Une ambiance toxique révélée par les salariés eux-mêmes
C’est une vague de récits partagés par d’anciens salariés sur les réseaux sociaux, principalement via la plateforme X (anciennement Twitter), qui a servi de point de départ aux investigations. Très vite relayées par des journalistes, ces voix ont mis au jour des comportements de harcèlement banalisés, dans un environnement où l’humiliation, les propos sexistes et la domination managériale prenaient souvent le pas sur les règles internes et les mécanismes d’alerte. Le service éditorial, au cœur du dispositif créatif d’Ubisoft, était décrit comme structuré autour de rapports de force permanents, où la parole des victimes était minimisée, parfois ignorée, et où la hiérarchie n’intervenait qu’en cas de débordement manifeste, sans jamais remettre en cause le système lui-même.
Des condamnations individuelles, mais une responsabilité collective évitée
Outre Thomas François, deux autres cadres ont été reconnus coupables : Serge Hascoët, longtemps considéré comme le bras droit du PDG Yves Guillemot, a été condamné à 18 mois de prison avec sursis et 45 000 euros d’amende pour harcèlement moral et complicité de harcèlement sexuel, tandis que Guillaume Patrux, également cadre éditorial, a reçu une peine d’un an avec sursis et une amende de 10 000 euros.

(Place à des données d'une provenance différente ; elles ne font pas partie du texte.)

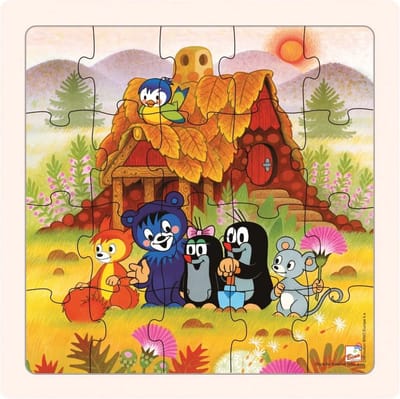 Mol en vriendjes - Houten puzzel 20 stukjes steekpuzzel legpuzzel kleine Mol Krtek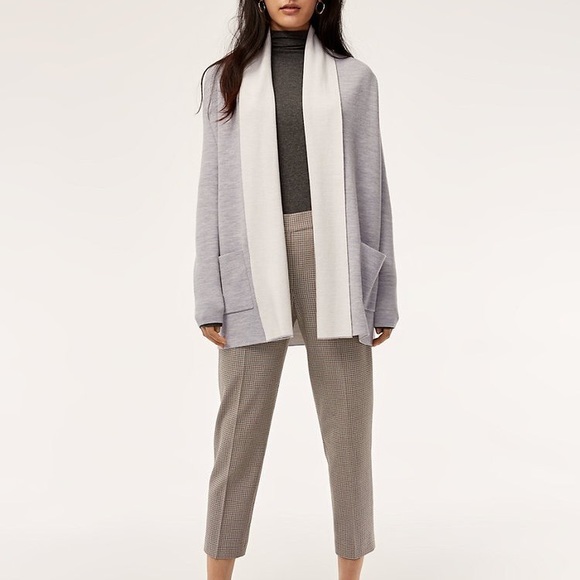 Babaton Beekman Merino Wool Open Cardigan in Grey - Picture 2 of 7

Aucune poursuite n’a été engagée contre Ubisoft en tant qu’entreprise, ni contre ses dirigeants actuels, ce que regrettent plusieurs parties civiles, qui soulignent que des alertes internes avaient été émises depuis des années sans qu’aucune mesure structurelle ne soit prise. Ni Yves Guillemot, PDG, ni la directrice des ressources humaines Marie Derain n’ont été inquiétés dans ce dossier. Cette absence de responsabilité au niveau institutionnel interroge, selon les avocats des victimes, sur la capacité du droit actuel à saisir les formes systémiques de harcèlement en entreprise, et sur la manière dont les directions peuvent continuer à esquiver les sanctions alors même que l’environnement incriminé dépendait directement de leurs choix et de leurs arbitrages.
Un signal pour le monde du travail
Pour Me Maude Beckers, avocate des plaignants, cette décision représente « une très bonne décision, aujourd’hui et pour la suite », car elle vient poser un principe clair : les pratiques managériales toxiques ne peuvent plus être ignorées ou tolérées, et les responsables doivent être sanctionnés. Selon elle, ce jugement s’adresse à toutes les entreprises, pas uniquement à Ubisoft, et pourrait encourager d’autres victimes à briser le silence.
L’audience de juin dernier, au cours de laquelle les anciens salariés ont livré leurs témoignages, a mis en lumière non seulement des comportements individuels graves mais aussi une organisation du travail où l’impunité, les jeux d’influence et la peur régnaient. Le tribunal a souligné le caractère structuré du harcèlement observé, ce qui pourrait renforcer à l’avenir les dossiers similaires, en particulier ceux où la frontière entre responsabilité personnelle et faute d’entreprise reste floue.